I thought they actually left out the worst parts in LaMotta's life, probably because it would've been too difficult to sympathise with LaMotta at all.

King Kong
10-27-2011, 02:09 PM
I thought they actually left out the worst parts in LaMotta's life, probably because it would've been too difficult to sympathise with LaMotta at all.
"No...you were worse!" :lol1:

It was De Niro's interest in Jake that eventually persuaded -- and it did require some persuading -- a nonplussed Scorsese to make the film. With the film (against his own expectations) becoming a subject of such accumulative critical celebration and thus a landmark in his career, naturally, Scorsese has warmed to his theme over time and come to be somewhat loquacious on the character of Jake.
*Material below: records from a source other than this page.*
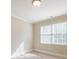 Sunlit bedroom features neutral walls, carpet floors, white trim, and two large windows for ample natural light at 2141 Abby Ne Ln, Atlanta, GA 30345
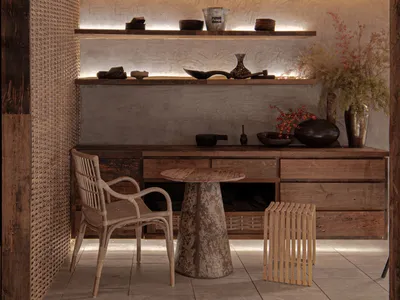 A well-lit living area with wooden floors, a dining table, chairs, and decorative vases and bowls, creating a warm and inviting atmosphere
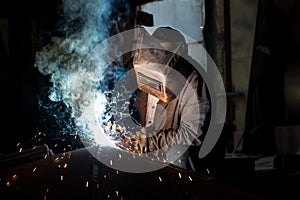 Closeup worker in a mask doing the welding in a workshop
But he found LaMotta completely impenetrable when making the movie, having been unable to make any sense of his book, relying on De Niro's enthusiasm for the role as his guide to what Jake should be - that he found it difficult even to look past his typical disdain for "sports" (guys who box must be unintelligent, insensitive morons with shallow characters, right?) is telling of the kind of elementary issues he had 'relating' to LaMotta.

De Niro, on the other hand, was only too infatuated with certain elements of Jake's character and creates a romanticized tough-guy charicature out of them, an image that I guess was appealing to him - yes, De Niro's LaMotta is still a brute, but in a way that is nuanced and appealing to a certain perception of alpha manhood, small matters like rape being unpalatable inconveniences. De Niro even makes Jake a ladykiller (LaMotta's awkwardness with women is utterly absent in his slaying of Vickie in their first meetings).
His influence on the version of LaMotta we're given in the movie, including what got left out and what didn't, shouldn't be underestimated.

When I say sympathy/empathy, I'm referring more to Scorsese's relationship to his subject (although that, to some degree, informs audience reaction), the necessary ability of a director to think in more than one mind, which seems to have been impaired here.
Reading the book, even with the rape account, the image you're left with of LaMotta isn't a soulless one. While it might seem paradoxical, I think leaving some of those really ugly things in would (depending on the treatment) have given the film some of the kind of viscerality and catharsis that produces real audience empathy (the film picks up at a point years after the near-murder of Harry Gordon, so obviously not every event in the book could've been included without making a very long movie covering almost 50 years).

All you see of LaMotta for most of the movie is just a charicature, albeit replete with plausible aggression and violence, but with little insight into the man. De Niro's dedication to method in the second part of the movie and the facility with which he assimilates the surface mannerisms and affectations of broke-down "showman" period Jake are superficially impressive. In this contrast from the first part, we finally get some nuance, some glimpse into Jake, but too little and too late. The stunted portrayal of younger Jake means there's nothing, no emotional investment, to be parlayed into something greatly affecting by the second part, anyway.


That's a small expansion on my complaints about the film, anyway.


For De Niro, I'll take his John Civello, Rupert Pupkin, Travis Bickle, Jimmy Doyle, Sam Rothstein and Max Cady over his LaMotta all day. And that's not even mentioning his roles outside the relationship with Scorsese (Michael Vronsky etc.).


Sorry to take it into a discussion more about movies than boxing, but this one's a bugbear of mine, so the thread is an opportunity to vent. :lol1:

Thread Stealer
11-02-2011, 04:51 PM
I actually enjoyed reading that movie review/discussion.

It sure beats reading how Roger Ebert gave Gigli the same rating as The Godfather Part II.